== TASK MATERIAL ==
BEGIN

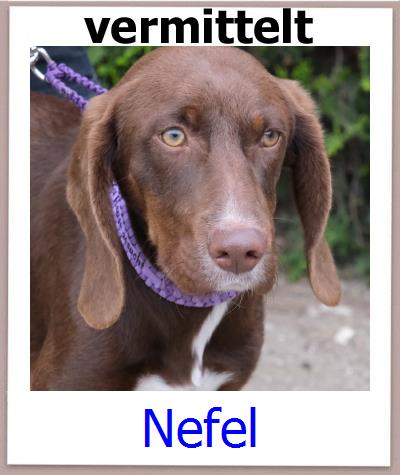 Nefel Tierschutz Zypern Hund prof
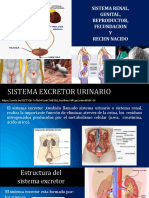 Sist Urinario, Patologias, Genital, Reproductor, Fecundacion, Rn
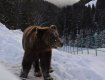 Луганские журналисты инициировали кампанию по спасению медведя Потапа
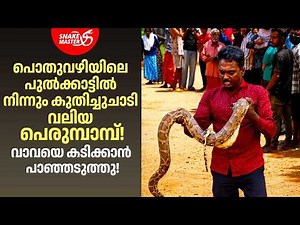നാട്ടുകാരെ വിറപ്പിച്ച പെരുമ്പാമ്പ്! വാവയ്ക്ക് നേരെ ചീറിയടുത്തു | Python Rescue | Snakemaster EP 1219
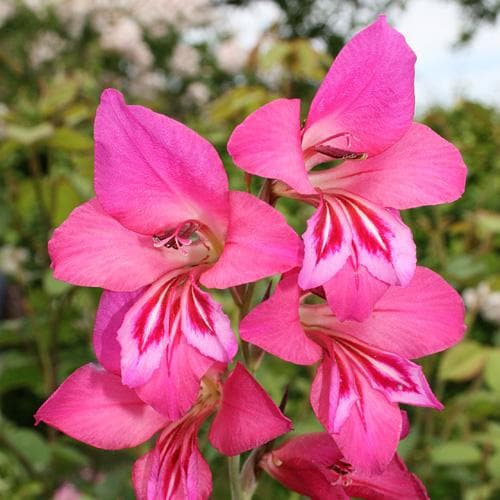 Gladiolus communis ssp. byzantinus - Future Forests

END
BEGIN

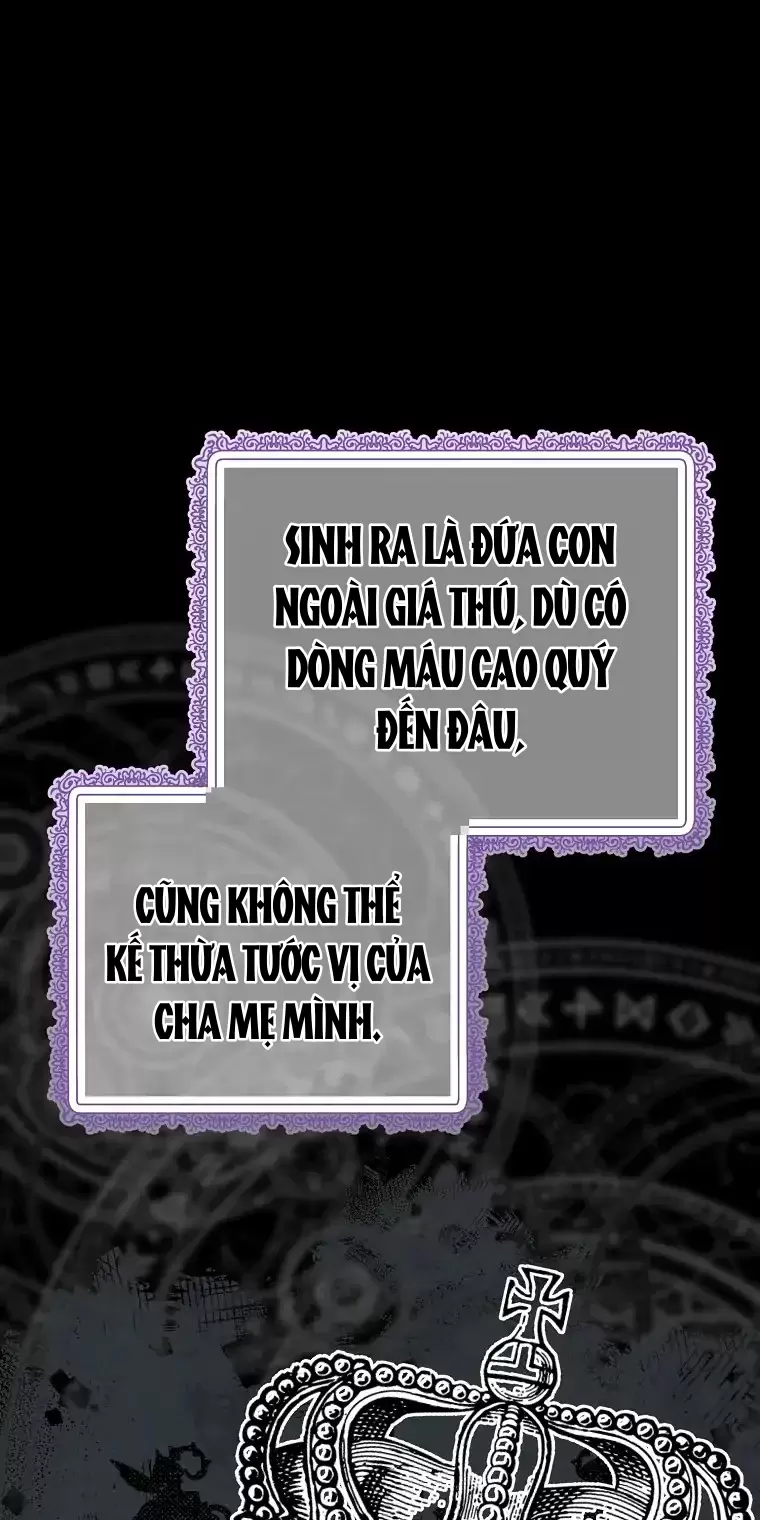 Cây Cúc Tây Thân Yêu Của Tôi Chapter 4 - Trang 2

END

== DIRECTIONS FOR THIS TASK ==
Give again the lines of the listing above that run from the one with "Sist Urinario, Patologias, Genital, Reproductor, Fecundacion, Rn" up to and including the one with "Gladiolus communis ssp.". Keep them exact and omit the pictures.

== TASK RESPONSE ==
 Sist Urinario, Patologias, Genital, Reproductor, Fecundacion, Rn
 Луганские журналисты инициировали кампанию по спасению медведя Потапа
നാട്ടുകാരെ വിറപ്പിച്ച പെരുമ്പാമ്പ്! വാവയ്ക്ക് നേരെ ചീറിയടുത്തു | Python Rescue | Snakemaster EP 1219
 Gladiolus communis ssp. byzantinus - Future Forests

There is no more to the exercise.